THE TASK: Exactly the lines from the one with "1 Bolwarra Place, MERIDAN" through the end of the records below are needed, minus any pictures.

Excerpts from a dataset:
- Opening Delimiter -

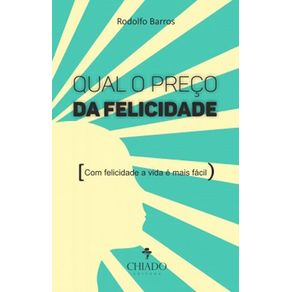 800341_ampliada.jpg 800341_ampliada.jpg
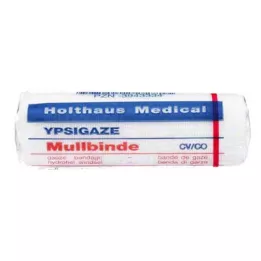 YPSIGAZE Gasbind 8 cmx4 m, 1 stk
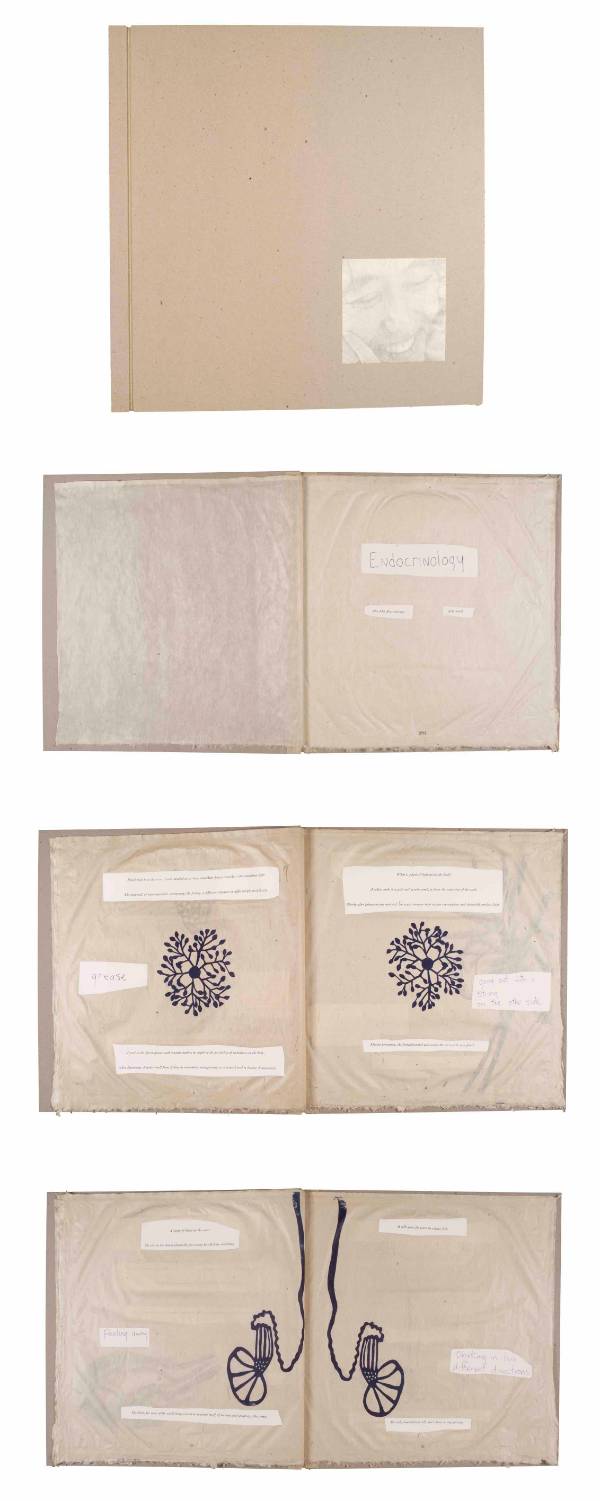 Kiki Smith Kiki Smith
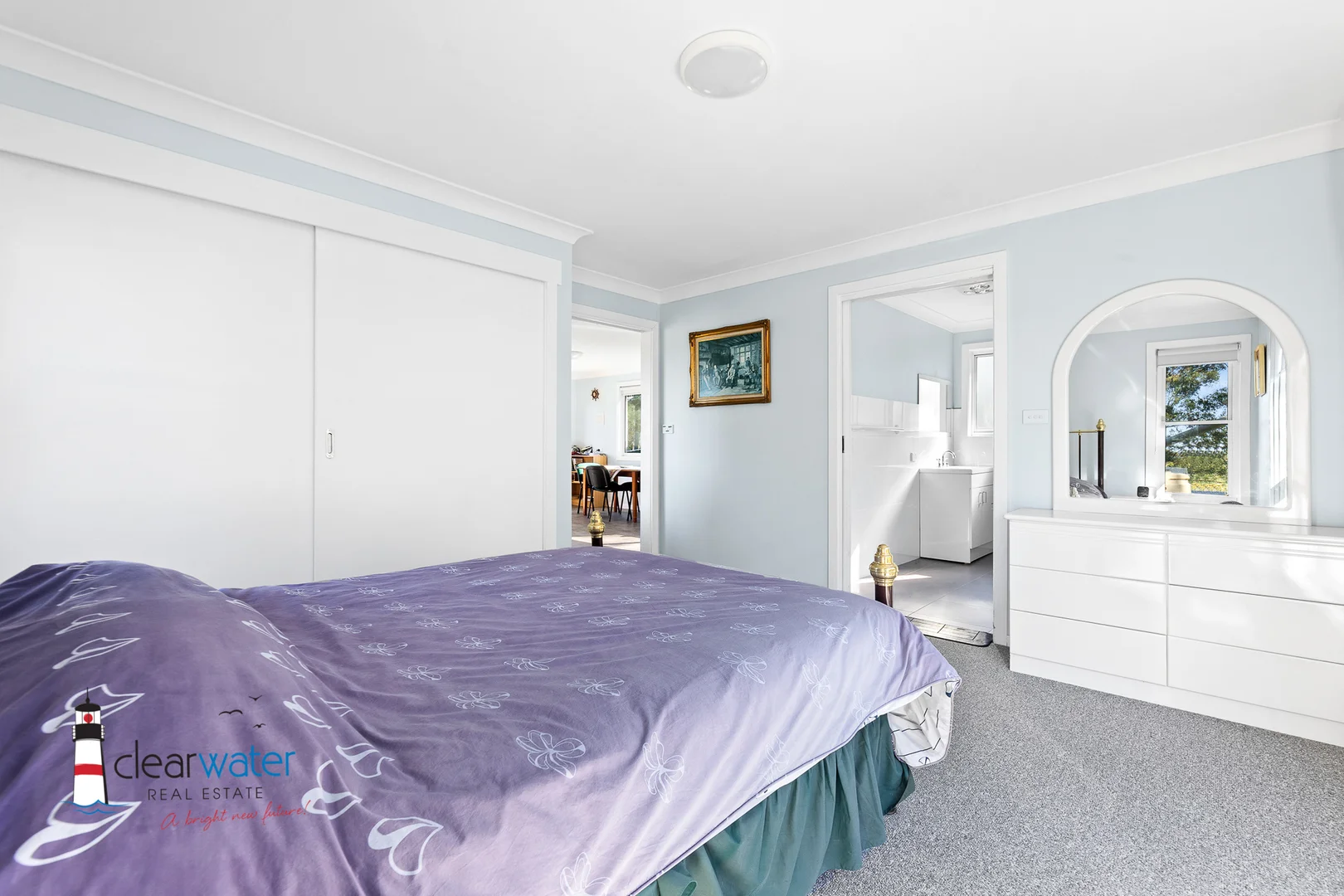 Additional image 26 of 209 Larrys Mountain Rd, Mogendoura NSW 2537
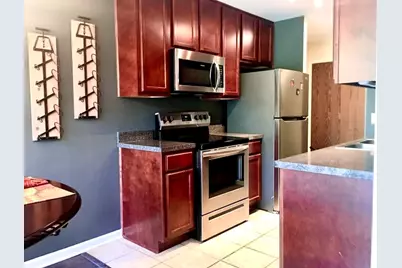 6020 Oakwood Drive #3J, Lisle, IL 60532 - Photo 6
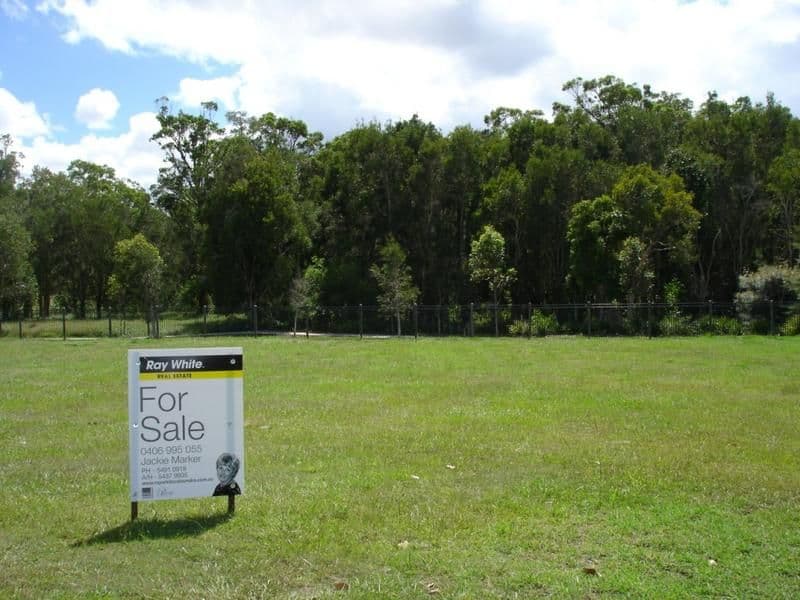 1 Bolwarra Place, MERIDAN PLAINS QLD 4551, Meridan Plains - Image 1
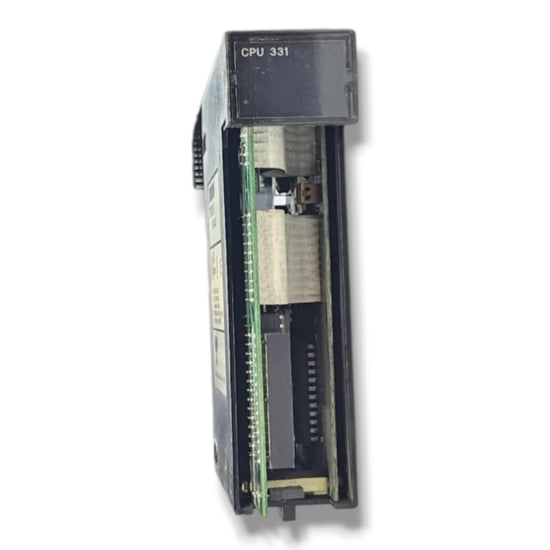 FANUC IC693CPU331-CC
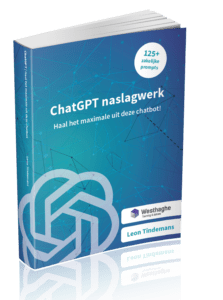 chatgpt-boek-westhaghe-full chatgpt-boek-westhaghe-full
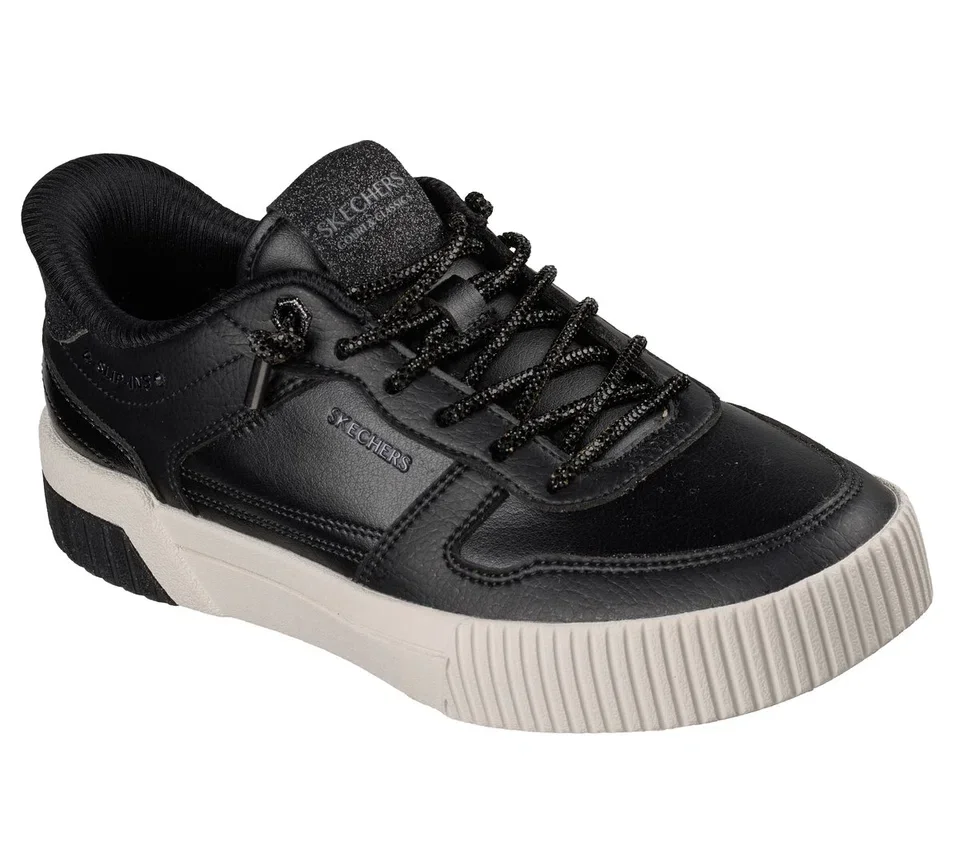 Skechers Slip-ins: Jade – Radiant Reflections Skechers Slip-ins: Jade – Radiant Reflections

- Closing Delimiter -

RESPONSE:
 1 Bolwarra Place, MERIDAN PLAINS QLD 4551, Meridan Plains - Image 1
 FANUC IC693CPU331-CC
 chatgpt-boek-westhaghe-full chatgpt-boek-westhaghe-full
 Skechers Slip-ins: Jade – Radiant Reflections Skechers Slip-ins: Jade – Radiant Reflections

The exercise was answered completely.